Argentine architect designed MIT’s Stratton Student Center as well as a North Carolina home praised by Frank Lloyd Wright
The Stratton Student Center, which was designed by Eduardo Catalano
Caption:
The Stratton Student Center, which was designed by Eduardo Catalano
Eduardo Catalano, Professor Emeritus of Architecture
Caption:
Eduardo Catalano, Professor Emeritus of Architecture
Credits:
Photo: MIT archives

MIT Professor Emeritus of Architecture Eduardo Catalano, who designed numerous buildings around the world including a 1954 North Carolina modernist home that was hailed as the “House of the Decade,” died Thursday in Cambridge. He was 92.

Born in Buenos Aires, Argentina, Catalano taught at MIT from 1956 to 1977 and designed the Institute’s Stratton Student Center. Prior to working at MIT, he pioneered the architectural development of shell structures, beginning with his own home, Raleigh House, built in 1954 after he arrived to teach at the School of Design in Raleigh, N.C.
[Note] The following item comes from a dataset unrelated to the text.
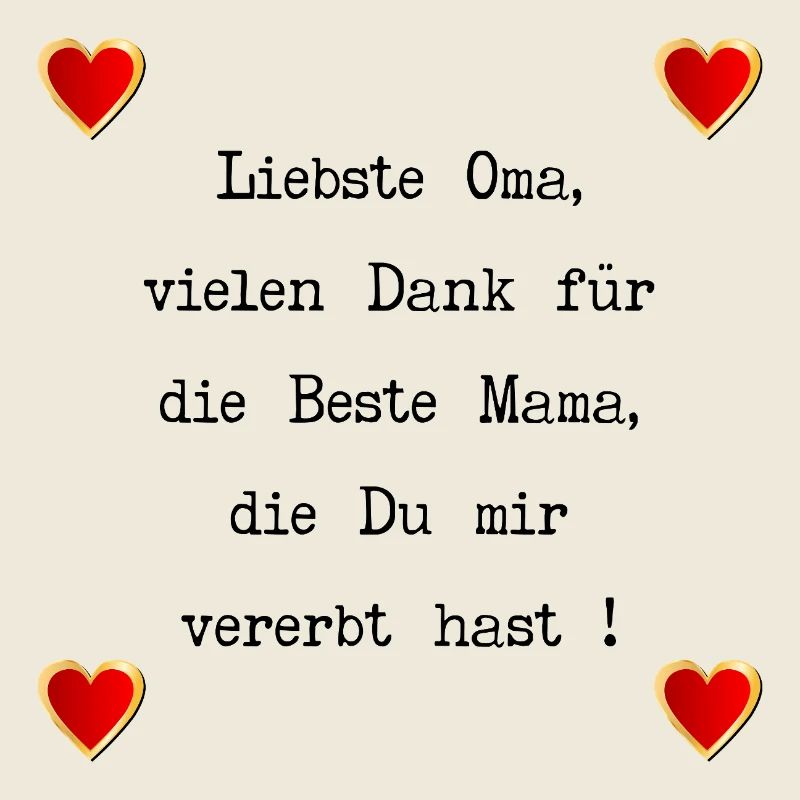 MUTTERTAG OMA MAMA PRÄGUNGEN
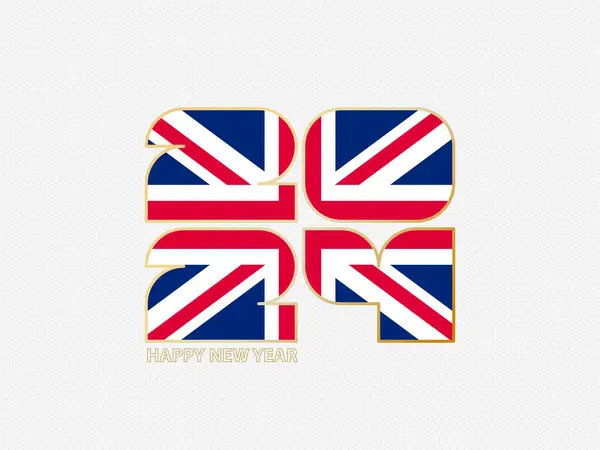 Birleşik Krallık bayrağı taşıyan soyut numaralar 2024.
The three-bedroom house, set on a wooded lot at the end of a quiet street, featured a 4,000 square-foot hyperbolic paraboloid as its roof. Sheltered beneath the shoehorn-shaped roof was a square interior enclosed entirely in glass. The undulation of the roof provided openness in some areas and privacy in others.

“It is refreshing to see that the shelter, that is the most important element in domestic architecture, has been so imaginatively and skillfully treated as in this house by Eduardo Catalano,” Frank Lloyd Wright said of Raleigh House in the August 1956 issue of House and Home Magazine, which named it the “House of the Decade.”

Catalano sold the house when he moved to Cambridge to teach at MIT. Years of neglect culminated in the house's demolition in 2001, an event mourned by preservationists.

Catalano sought harmony in science, technology and the visual arts. He designed the U.S. embassies in Buenos Aires and in Pretoria, and the Juilliard School of Music at New York City's Lincoln Center. In addition to his buildings, Catalano designed and donated a stainless steel sculpture to the city of Buenos Aires in 2002. The 75-foot high Floralis Generica, which has since become a city landmark, has petals that open and close at dawn and dusk.

He is survived by his son and daughter.